Now that Iowa congressman Steve King has finally gone over the brink and defended “white nationalism” and “white supremacy,” Republicans from his own state and nationally are piously denouncing the man, having suddenly discovered that he’s a mite racist-y.
King’s probably justified in feeling betrayed by his old friends, particularly those in Iowa who know him well. Maybe he got a bit carried away in forgetting to use code words for “white,” but he’s been renowned during his entire congressional career for being an old-school nativist who isn’t just concerned about “illegal immigration,” but wants restricted immigration generally — at least from nonwhite countries — as a matter of cultural (and by close implication racial) self-defense. That what always distinguished King and his congressional doppelgänger from Colorado, Tom Tancredo (who left the House in 2009 after a long-shot nativist campaign for president). Maybe they talked about the “rule of law” like other opponents of immigration reform, but they were always clear that they considered all non-European immigration as a threat. Indeed, until Donald Trump came on the national political scene, King was for a while all but alone in the fever swamps on this issue.
So no one paying attention should have had any illusions about King’s signature views on his signature subject, or his zest for being outrageous. Back in 2013, Sahil Kapur hit some of the lowlights:
Since King came to Congress, his most over-the-top rhetorical outbursts include comparing immigrants to dogs, calling illegal immigration a “slow-motion terrorist attack” on the United States, claiming Al Qaeda would be “dancing in the streets” if Barack Obama was elected president, and declaring that racial profiling wasn’t an issue in Ferguson, Mo., because protesters were from a single “continental origin.”

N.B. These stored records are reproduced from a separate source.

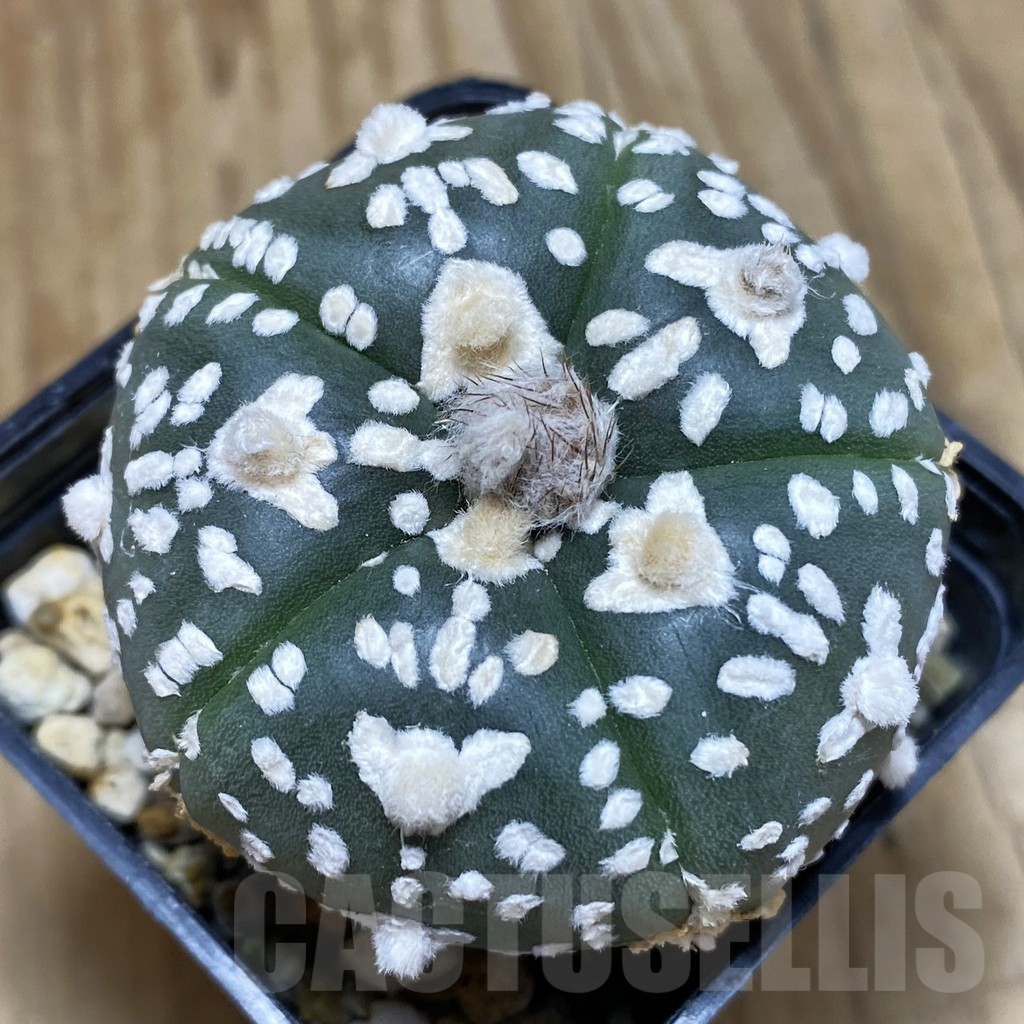 SH586 Astrophytum asterias ‘SK’ V-Type, 5-ribs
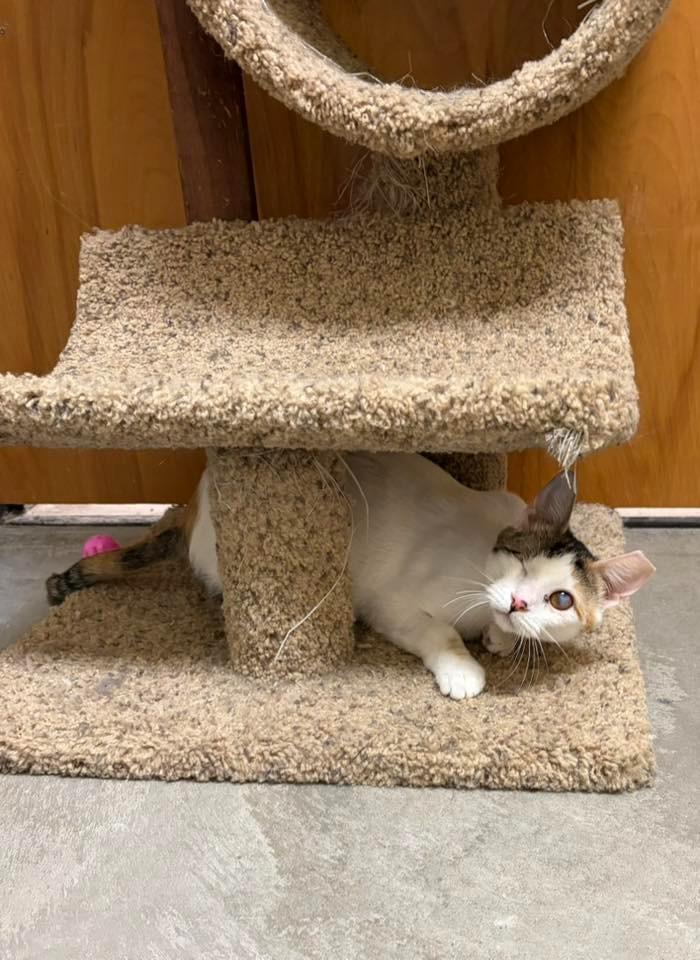 Enlarge Twinkle (Bonded with Sparkle), a Adoptable mixed breed in St. Louis, MO image 1/6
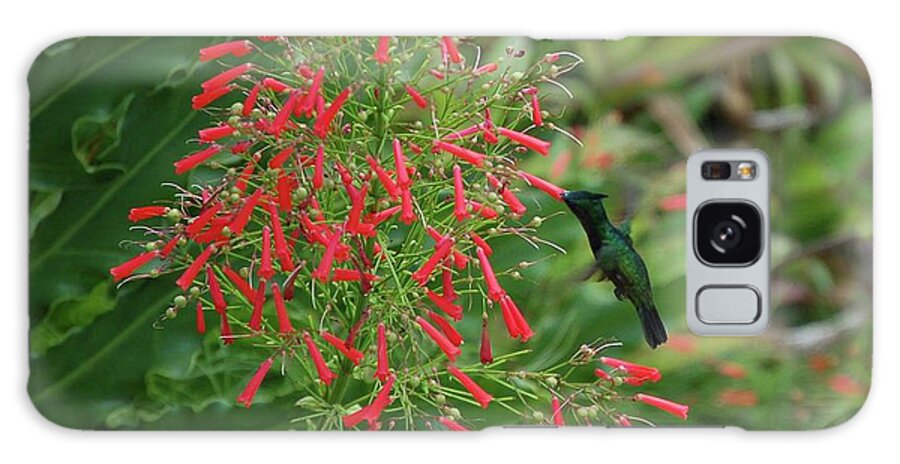 Alabama Photographer Galaxy Case featuring the digital art Humming Bird and Red Flowers by Michael Thomas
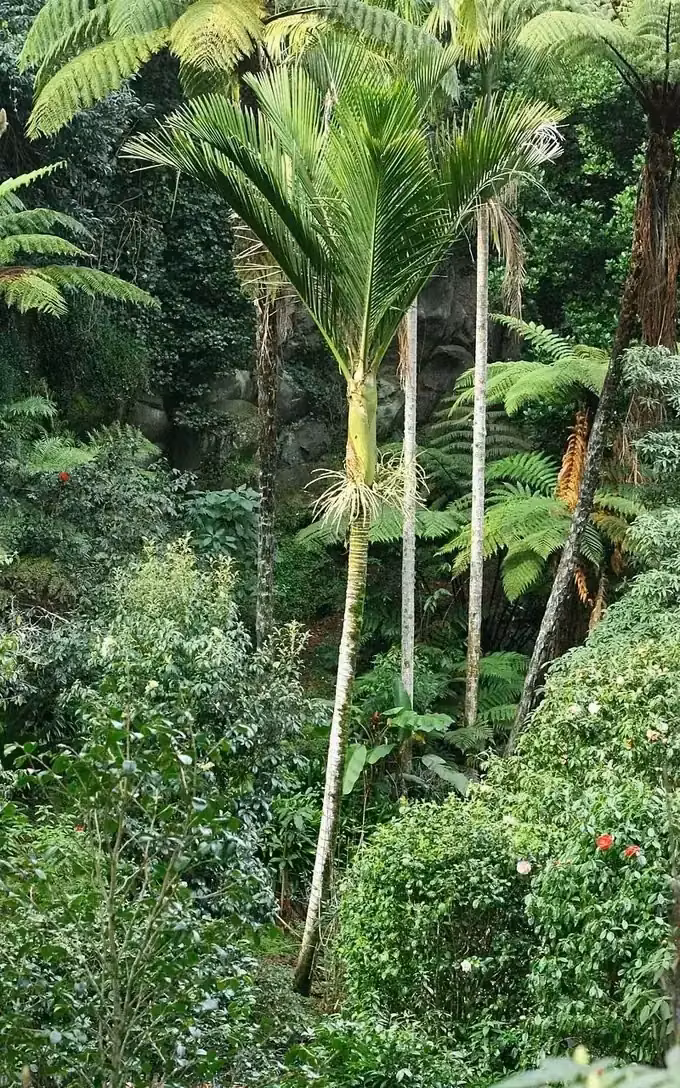 Nikau palm crown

In July he made the ridiculous, now notorious claim that for every child of illegal immigrants “who’s a valedictorian, there’s another 100 out there who weigh 130 pounds and they’ve got calves the size of cantaloupes because they’re hauling 75 pounds of marijuana across the desert.”
House Speaker John Boehner reprimanded Mr. King, calling his comments “deeply offensive and wrong.”
But it was entirely in character. In 2012 he conducted a public love-in with the infamous white nationalist Peter Brimelow at a CPAC conference, as reported at Daily Kos:
“I’ve read your book, I just hadn’t met you,” said Rep. Steve King, beaming as he shook hands with white nationalist Peter Brimelow before a panel discussion Thursday. He went on to say that Brimelow “eloquently wrote about the balkanization of America….”
Brimelow was on hand at the annual Conservative Political Action Conference to speak about how policies encouraging diversity are killing America (read: white America). He has urged the Republican Party to work on consolidating the white vote. His book Alien Nation argues that “Race is destiny in American politics.”
This was consistent with King’s later proud identification with white racists internationally, from Canada to the Netherlands to Austria. His happy 2017 endorsement of Dutch anti-Muslim politician Geert Wilders as someone who “understands that culture and demographics are our destiny” led me to compare King to George Wallace:
The effort to marginalize the role of racial or religious bigots in cultural conservatism works best when everybody’s got the memo and is refusing to say things that cross the line. But right there in Washington, within close proximity of the cameras, is at least one member of Congress who, to use a phrase sometimes said of Wallace in his heyday, just comes right out and says it: Iowa’s Steve King.
But it’s only now that many of the Republicans who are excoriating King have stopped praising him. Consider Joni Ernst, who in 2016 went out of her way to praise him when he drew a Republican primary opponent:
Ernst’s senior colleague Chuck Grassley and current Iowa governor Kim Reynolds also came to the nativist’s aid when he faced intraparty opposition.
You can almost understand Ernst’s support for King — you know, two whole years before she apparently paid any attention to the implications of his words. He was the odds-on favorite among Iowa Republicans to win the 2014 Senate nomination that ultimately went to Ernst when he demurred.
So let’s don’t accept the idea that King was some sort of grudgingly tolerated wild man whom Republicans decided to smack down when his outspokenness got out of hand. They knew who he was, and many of them were happy to promote his obnoxious career until it began to cast an unforgiving light on themselves and their leader in the White House.